For years, ExpressVPN has been one of the most popular and widely used privacy products on the market. It’s often highest ranked on the 10 best VPN lists; a recent Tom’s Guide review Called it the “best VPN by far” available. In the past, if you wanted to stay anonymous on the web, Express would probably have been the way to go.
However, all of this has been called into question following the revelation than Daniel Gericke, chief information officer of ExpressVPN previously worked as a hacker at DarkMatter, a UAE-based cybersecurity company. Between 2016 and 2019, Gericke helped hack systems and devices around the world as part of “Raven Project, A covert operation designed to help the UAE monarchy track and monitor critics of its regime, including activists, journalists and some US-based people.
Gericke and two other former U.S. intelligence officers recently faces federal charges for their involvement in “Raven”, but managed to make deferred prosecution agreements with the government, allowing them to pay fines to avoid jail, while agreeing to certain conditions.
However, in their remarks, the company was ultimately blocked by Gericke. The company explained it this way:
Some may ask: How could we willingly invite someone with Daniel’s past to join us? For us, the answer is clear: we protect our customers.
To do this job effectively, to do it, as we believe, better than anyone in our industry, we have to harness the full firepower of our adversaries. The best goalkeepers are those trained by the best forwards. Someone seasoned and seasoned on offense, like Daniel, can offer a glimpse into defense that is difficult, if not impossible, to find elsewhere. This is why there is a well-established precedent for cybersecurity companies hiring talent from the military or intelligence.
Whether you accept this argument or not, one could argue that once this seasoned veteran finds himself in federal court, things may need to be reassessed a bit. Reuters reports that he is still employed by the company.
In the end, these soothing words don’t seem to have appeased everyone. Not only are the company’s customers pissed off, but so are its employees. In a recent virtual meeting, ExpressVPN employees apparently voiced their grievances over the recent turn of events, without stopping to mince words.
“This episode eroded consumer confidence in our brand, regardless of the facts. How do we intend to rebuild our reputation? said one.
“Finding such news from the people we work closely with on a daily basis through an online article was absolutely distasteful. Why have we not been warned? Are not transparency and respect our core values? ” another person would have asked.
Other recent events have caused some to question the direction of ExpressVPN. The company was bought recently by Kape Technologies, an Israeli tech company with a controversial past. Formerly known as CrossRider, the company was renamed in 2018 after receiving a little too much publicity for, as CNET recently said, being the “notorious creator of malicious adware containing data”. Since then he has been on an apparent rebranding effort accompanied by a privacy product. shopping spree. In recent years, the company has bought CyberGhost, Zenmate, and Private Internet Access VPNs, and bought ExpressVPN for $ 936 million earlier this month.

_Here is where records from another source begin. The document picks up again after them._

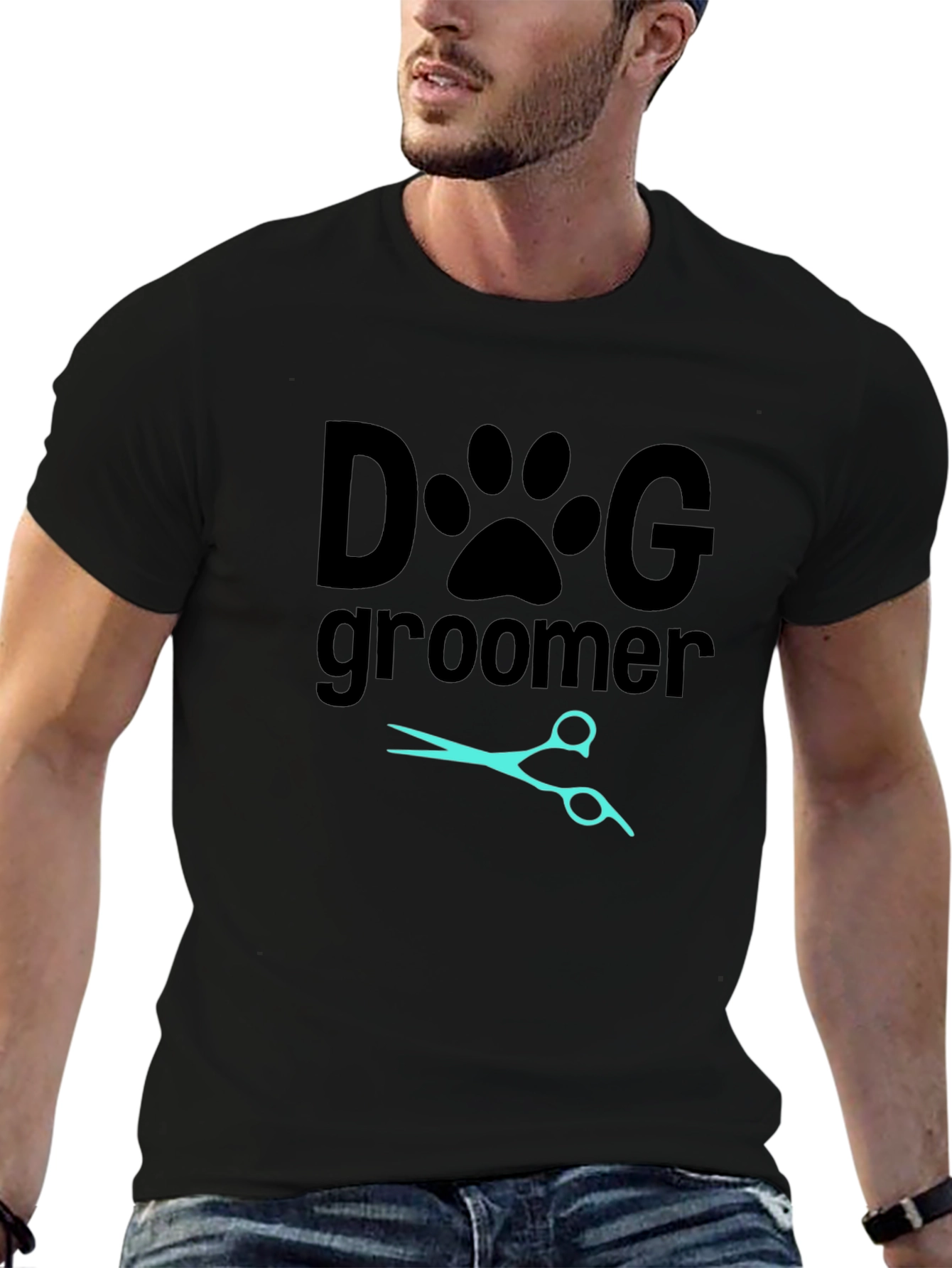 Dog Groomer T-Shirt: Paw Print & Scissors Design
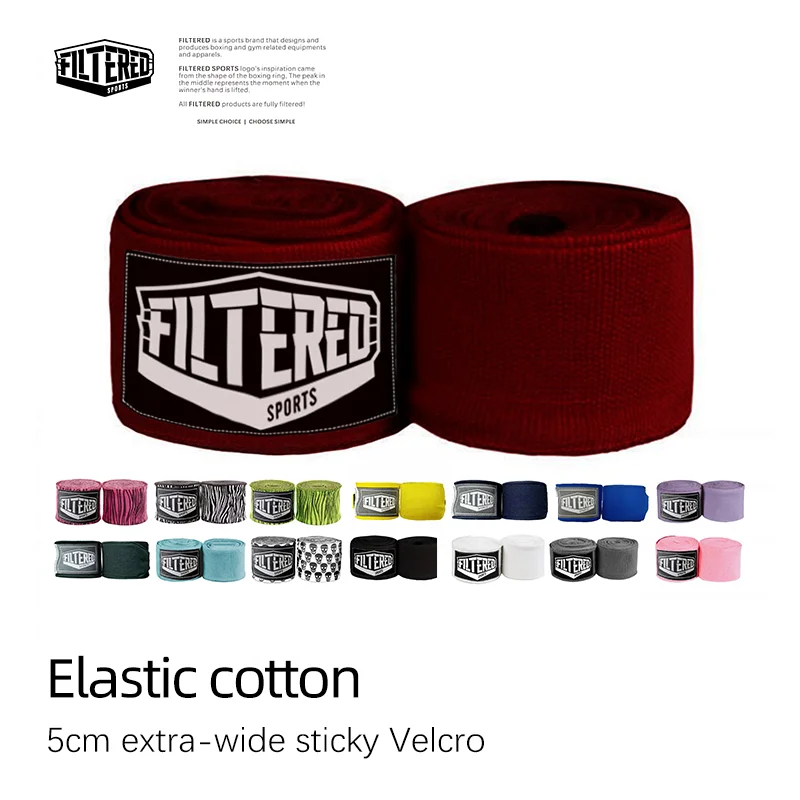 Filtered Sports 3m Women's  5m Men's Boxing Hand Wraps Bandages with Widened Velcro Soft Cotton Micro Elasticity FW01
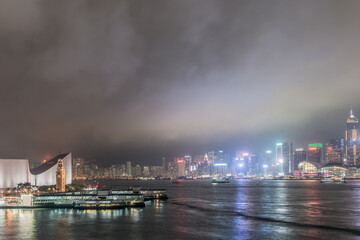 Fototapeta na wymiar Downtown and building in Hong Kong skyline at night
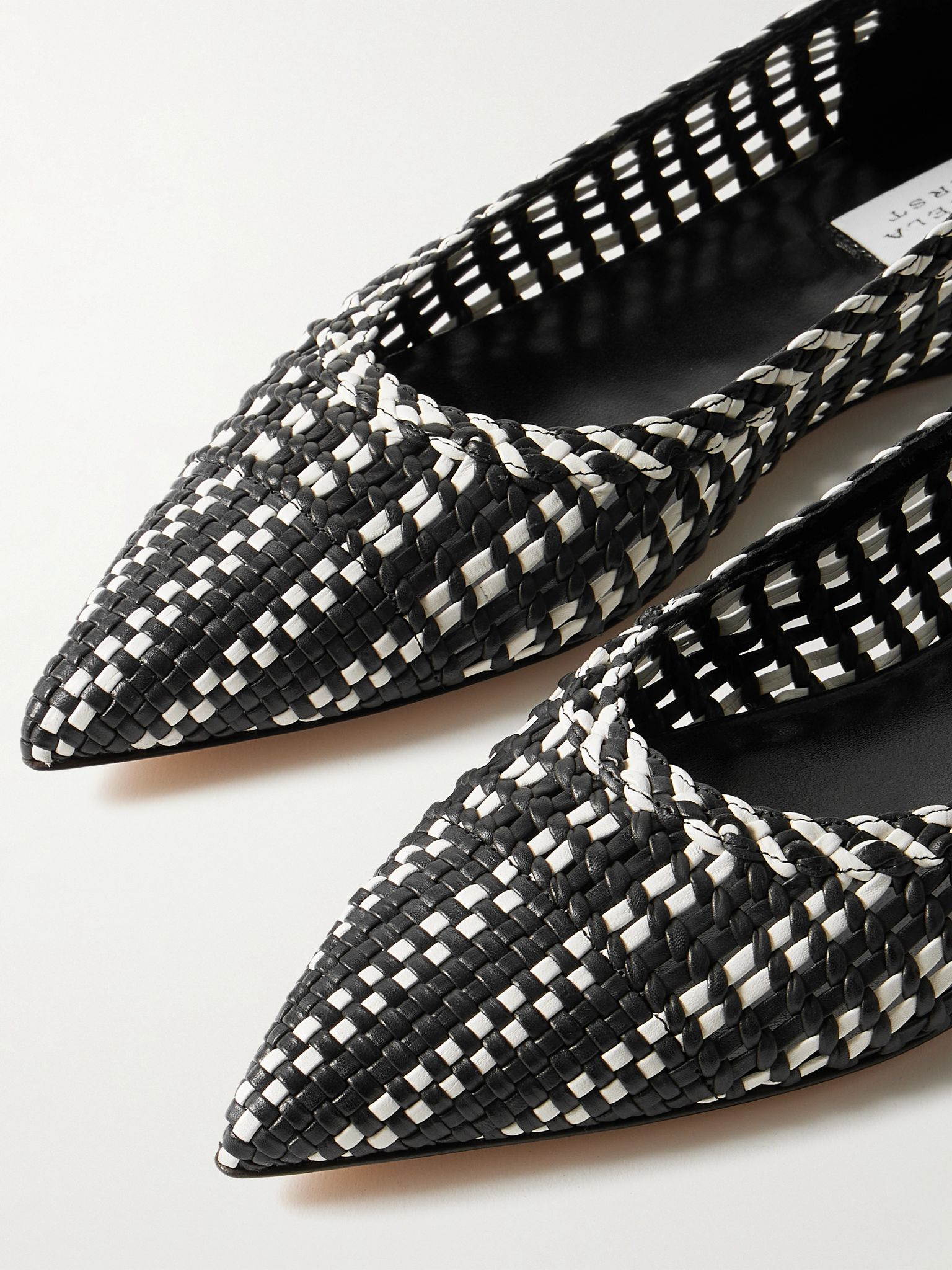 Aurora two-tone woven leather ballet flats Black - 4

Kape’s management also raised eyebrows. The CEO and co-founder of the company, Koby Menachemi, is a former Israeli intelligence officer who served in Unit 8200, the infamous cyber (read: hacking) wing of the Israel Defense Forces. A majority stake in the company is owned by Teddy Sagi, an Israeli billionaire who in the 1990s pleaded guilty to charges related to bribes and market manipulation and subsequently spent a short time behind bars. Companies connected to Sagi were also unearthed in the Panama Papers, the leak of several terabytes which showed the complex network of front companies and tax havens used by the leaders and the companies of the world.
At the very least, ExpressVPN owes its users a more comprehensive transparency report on why it hired Gericke. However, given all that has come out, it is probably not out of the question that some clients will get up and leave the company’s services altogether.
When considering the importance of ExpressVPN, the episode also raises questions about the overall security of the VPN industry: how common is it for those on the farthest and most remote edges. shines in the surveillance industry to turn around and work for companies dedicated to the protection of privacy? While you would like to hope the answer is “not very common,” the largely unregulated and siled nature of the privacy industry makes it impossible to say. We’ve reached out to ExpressVPN for comment and will update this story if they get back to us.